Since it is Halloween, why not spend just a few minutes talking about the Grim Reaper himself? He is neither a ghost nor some sort of deity, but rather something called a psychopomp, which is a creature or angel whose purpose is to guide souls to the place of the dead. (Ah psychopomp, I may have to add that to my list of favorite words!) He is portrayed as a terrifying figure with a hooded, skeletal face, wearing a long black robe and carrying a scythe for the purpose of reaping souls. He does not walk, but glides among us instead, never actually using his scythe, but needing only a gentle touch to do his work. He arrives in a rickety horse-drawn coach that makes terrible noise because it is filled with the stones he leaves behind when he claims his victims. Although we fear him, he is often depicted embracing a young girl who represents life, so as to remind us that he is part of the natural order of things, that life and death are always intertwined, and that we have only a short time on this earth to do our very best. Death is also the 13th card in the Tarot deck, but is often read as positive when seen in a spread because it indicates a symbolic end rather than a literal one. Whenever there is an ending, it is always followed by the possibility of a new beginning.

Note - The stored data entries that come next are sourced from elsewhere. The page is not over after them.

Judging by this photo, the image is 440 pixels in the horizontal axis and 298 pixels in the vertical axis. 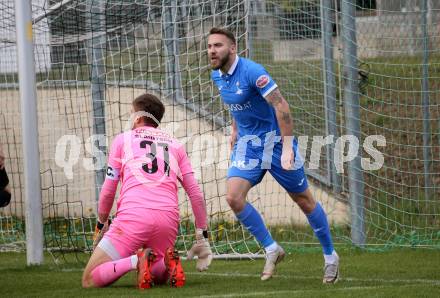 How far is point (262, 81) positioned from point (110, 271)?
1961mm

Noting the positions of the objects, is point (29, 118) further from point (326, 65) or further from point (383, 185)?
point (383, 185)

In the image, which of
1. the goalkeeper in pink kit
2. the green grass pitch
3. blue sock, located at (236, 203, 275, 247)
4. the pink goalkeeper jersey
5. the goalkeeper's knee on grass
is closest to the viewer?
the green grass pitch

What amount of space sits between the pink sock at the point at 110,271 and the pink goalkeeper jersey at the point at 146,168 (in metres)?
0.44

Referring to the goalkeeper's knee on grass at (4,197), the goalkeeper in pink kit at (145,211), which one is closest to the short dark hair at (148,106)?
the goalkeeper in pink kit at (145,211)

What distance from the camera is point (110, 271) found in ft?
25.8

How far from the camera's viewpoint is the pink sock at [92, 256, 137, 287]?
7.79 m

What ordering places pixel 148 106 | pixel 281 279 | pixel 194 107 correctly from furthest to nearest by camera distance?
pixel 194 107 < pixel 281 279 < pixel 148 106

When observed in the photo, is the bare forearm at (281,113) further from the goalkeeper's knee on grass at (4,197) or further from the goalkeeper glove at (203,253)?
the goalkeeper's knee on grass at (4,197)

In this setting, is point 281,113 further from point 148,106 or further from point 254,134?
point 148,106

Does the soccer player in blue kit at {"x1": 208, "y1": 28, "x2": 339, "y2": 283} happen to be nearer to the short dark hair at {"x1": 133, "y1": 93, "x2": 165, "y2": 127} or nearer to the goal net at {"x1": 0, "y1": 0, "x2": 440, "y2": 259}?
the short dark hair at {"x1": 133, "y1": 93, "x2": 165, "y2": 127}

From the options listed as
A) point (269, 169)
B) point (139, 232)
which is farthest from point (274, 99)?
point (139, 232)

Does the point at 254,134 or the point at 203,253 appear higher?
the point at 254,134

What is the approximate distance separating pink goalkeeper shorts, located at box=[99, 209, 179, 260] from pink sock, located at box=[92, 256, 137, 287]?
0.40 feet

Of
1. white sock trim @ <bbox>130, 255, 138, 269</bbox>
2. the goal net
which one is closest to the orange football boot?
white sock trim @ <bbox>130, 255, 138, 269</bbox> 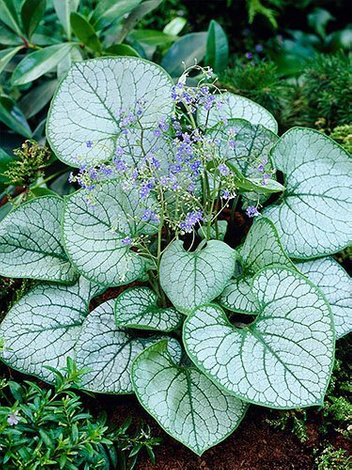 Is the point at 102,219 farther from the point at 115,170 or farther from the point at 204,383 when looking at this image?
the point at 204,383

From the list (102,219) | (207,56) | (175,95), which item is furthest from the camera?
(207,56)

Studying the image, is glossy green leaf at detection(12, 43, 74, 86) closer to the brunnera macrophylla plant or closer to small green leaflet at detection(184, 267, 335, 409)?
the brunnera macrophylla plant

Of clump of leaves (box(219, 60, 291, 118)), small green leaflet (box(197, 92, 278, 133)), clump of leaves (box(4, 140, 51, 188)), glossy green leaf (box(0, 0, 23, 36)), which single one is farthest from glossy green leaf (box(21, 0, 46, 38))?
small green leaflet (box(197, 92, 278, 133))

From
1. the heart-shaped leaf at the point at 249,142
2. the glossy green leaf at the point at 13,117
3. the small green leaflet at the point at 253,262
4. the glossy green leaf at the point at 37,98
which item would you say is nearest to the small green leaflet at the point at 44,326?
the small green leaflet at the point at 253,262

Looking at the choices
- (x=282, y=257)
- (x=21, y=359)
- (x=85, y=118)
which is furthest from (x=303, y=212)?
(x=21, y=359)

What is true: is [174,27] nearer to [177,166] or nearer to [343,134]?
[343,134]

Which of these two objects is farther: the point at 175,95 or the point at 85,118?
the point at 85,118

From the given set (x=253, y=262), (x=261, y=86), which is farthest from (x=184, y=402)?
(x=261, y=86) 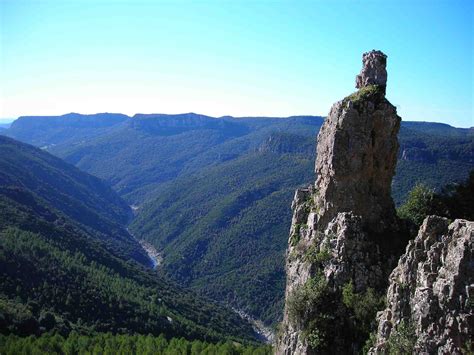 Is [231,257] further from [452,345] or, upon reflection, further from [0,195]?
[452,345]

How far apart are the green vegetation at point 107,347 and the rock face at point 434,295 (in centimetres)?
4077

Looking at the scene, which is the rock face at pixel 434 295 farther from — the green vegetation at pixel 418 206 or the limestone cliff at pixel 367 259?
the green vegetation at pixel 418 206

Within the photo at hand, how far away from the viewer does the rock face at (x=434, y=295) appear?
21.1 meters

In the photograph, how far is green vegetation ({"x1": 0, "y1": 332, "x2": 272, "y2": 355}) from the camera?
5897 cm

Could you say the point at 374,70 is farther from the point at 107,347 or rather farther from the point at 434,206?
the point at 107,347

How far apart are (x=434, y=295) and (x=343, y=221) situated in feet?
29.7

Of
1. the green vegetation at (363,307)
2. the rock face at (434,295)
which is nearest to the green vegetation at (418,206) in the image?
the green vegetation at (363,307)

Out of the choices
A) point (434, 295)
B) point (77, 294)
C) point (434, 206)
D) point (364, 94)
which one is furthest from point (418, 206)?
point (77, 294)

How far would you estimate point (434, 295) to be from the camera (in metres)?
22.0

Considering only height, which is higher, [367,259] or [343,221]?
[343,221]

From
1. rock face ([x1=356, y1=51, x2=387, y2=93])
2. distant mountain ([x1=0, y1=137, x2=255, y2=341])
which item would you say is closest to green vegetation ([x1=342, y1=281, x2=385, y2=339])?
rock face ([x1=356, y1=51, x2=387, y2=93])

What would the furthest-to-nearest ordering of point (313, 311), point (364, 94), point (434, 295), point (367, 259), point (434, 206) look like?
point (434, 206), point (364, 94), point (367, 259), point (313, 311), point (434, 295)

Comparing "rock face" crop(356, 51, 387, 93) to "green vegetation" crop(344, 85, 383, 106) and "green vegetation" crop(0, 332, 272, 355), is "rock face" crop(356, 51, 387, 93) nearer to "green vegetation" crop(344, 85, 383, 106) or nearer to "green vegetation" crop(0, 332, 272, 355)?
"green vegetation" crop(344, 85, 383, 106)

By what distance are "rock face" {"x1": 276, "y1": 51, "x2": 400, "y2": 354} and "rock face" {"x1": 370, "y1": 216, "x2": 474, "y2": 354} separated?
3.74m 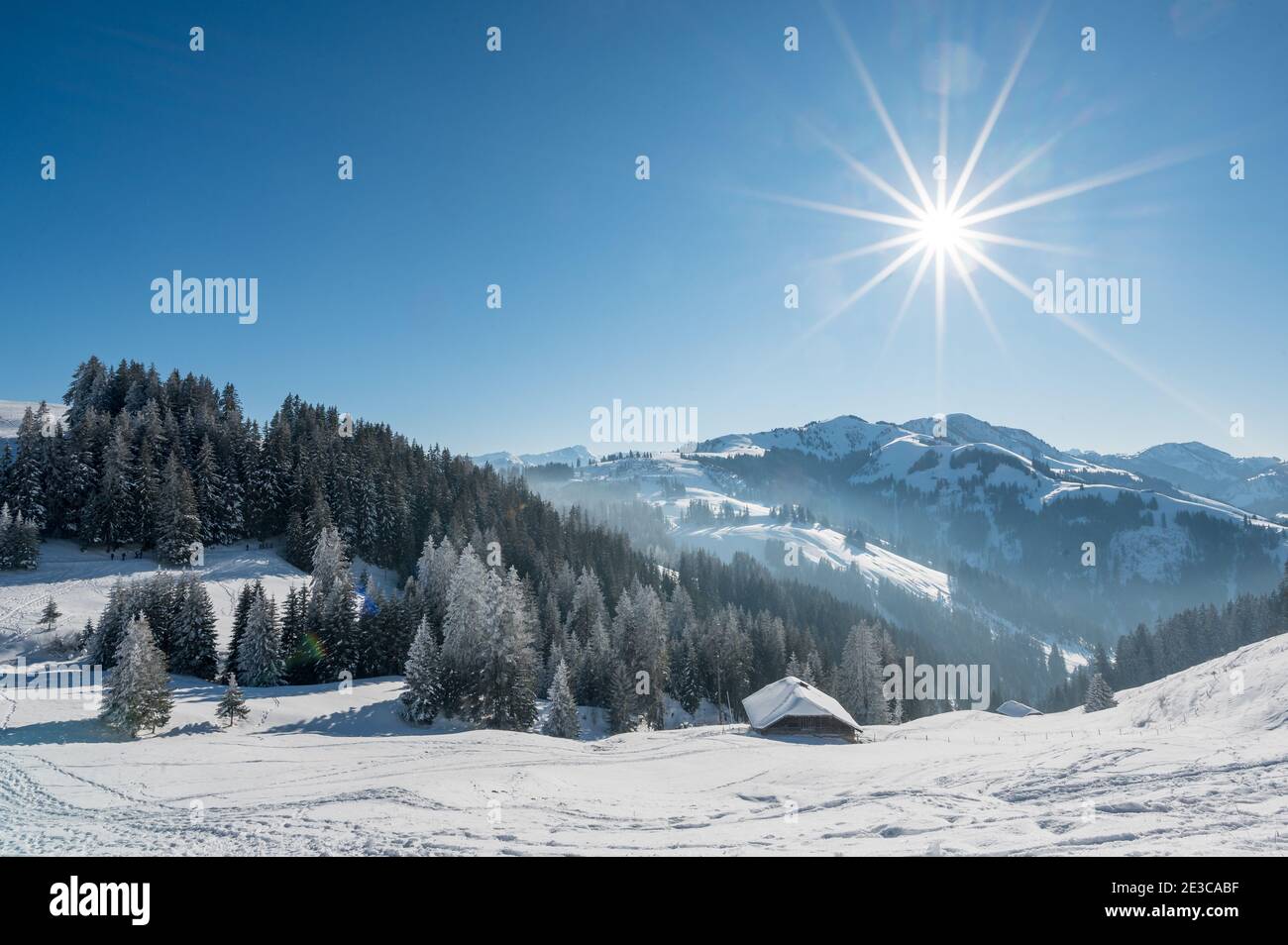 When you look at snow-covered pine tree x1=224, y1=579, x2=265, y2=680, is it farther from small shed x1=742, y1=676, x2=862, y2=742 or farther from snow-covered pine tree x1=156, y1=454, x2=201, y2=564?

For today’s cocktail, I was thinking along the same lines as this past Monday’s drink. I wanted something that had a bare minimum of ingredients, yet also had presence and understated power. I decided to go with a riff on a martini with Prairie organic vodka as its base, Dolin Blanc to give it just a bit of sweetness, and Etrog liqueur from Sukkah Hill Spirits to add citrus and a hint of anise. That led me to a dash of Absinthe, which is always just a bit spooky to me, and so incredibly powerful. The end result tasted like a black licorice martini that had to be sipped slowly, giving us plenty of time to listen to Blue Oyster Cult and ponder transcendental love, life,  and death on this Halloween day. Cheers everyone. Happy Wednesday and Happy Trick-or-Treating!

(Don’t Fear) the Reaper

1½ oz Prairie organic vodka
¾ oz Dolin Blanc
¾ oz Sukkah Hill Spirits Etrog liqueur
1 dash of Pernod Absinthe

Add all the ingredients to a mixing glass with ice and stir until very, very cold. Strain into a chilled martini glass and garnish with a skewered piece of black licorice. Enjoy!